We study the problem of finding a universal (image-agnostic) perturbation to
fool machine learning (ML) classifiers (e.g., neural nets, decision tress) in
the hard-label black-box setting. Recent work in adversarial ML in the
white-box setting (model parameters are known) has shown that many
state-of-the-art image classifiers are vulnerable to universal adversarial
perturbations: a fixed human-imperceptible perturbation that, when added to any
image, causes it to be misclassified with high probability Kurakin et al.
[2016], Szegedy et al. [2013], Chen et al. [2017a], Carlini and Wagner [2017].
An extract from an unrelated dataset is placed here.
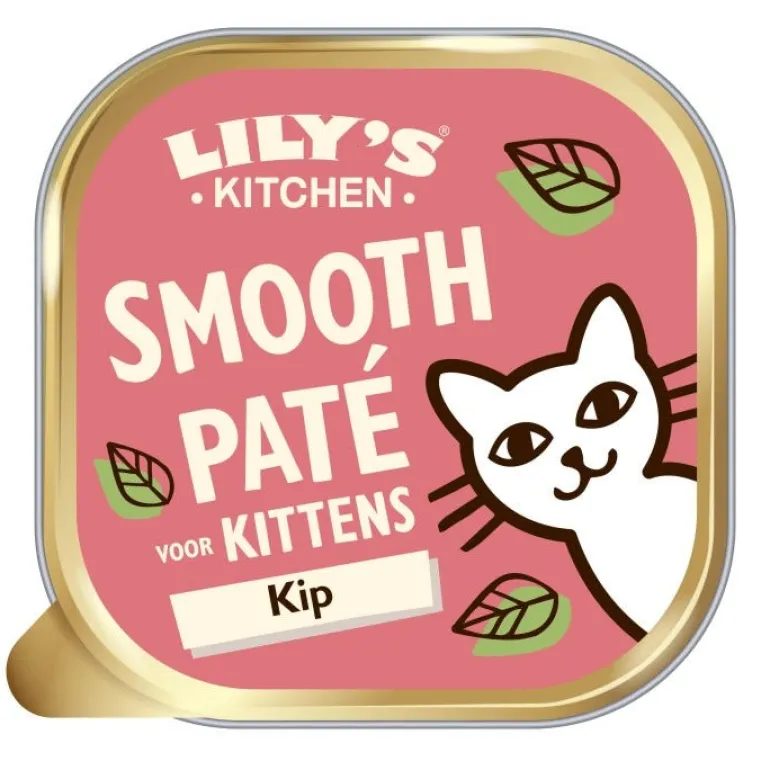 Terrine pour chaton Poulet - sans céréales 85g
This paper considers a more practical and challenging problem of finding such
universal perturbations in an obscure (or black-box) setting. More
specifically, we use zeroth order optimization algorithms to find such a
universal adversarial perturbation when no model information is revealed-except
that the attacker can make queries to probe the classifier. We further relax
the assumption that the output of a query is continuous valued confidence
scores for all the classes and consider the case where the output is a
hard-label decision. Surprisingly, we found that even in these extremely
obscure regimes, state-of-the-art ML classifiers can be fooled with a very high
probability just by adding a single human-imperceptible image perturbation to
any natural image. The surprising existence of universal perturbations in a
hard-label black-box setting raises serious security concerns with the
existence of a universal noise vector that adversaries can possibly exploit to
break a classifier on most natural images.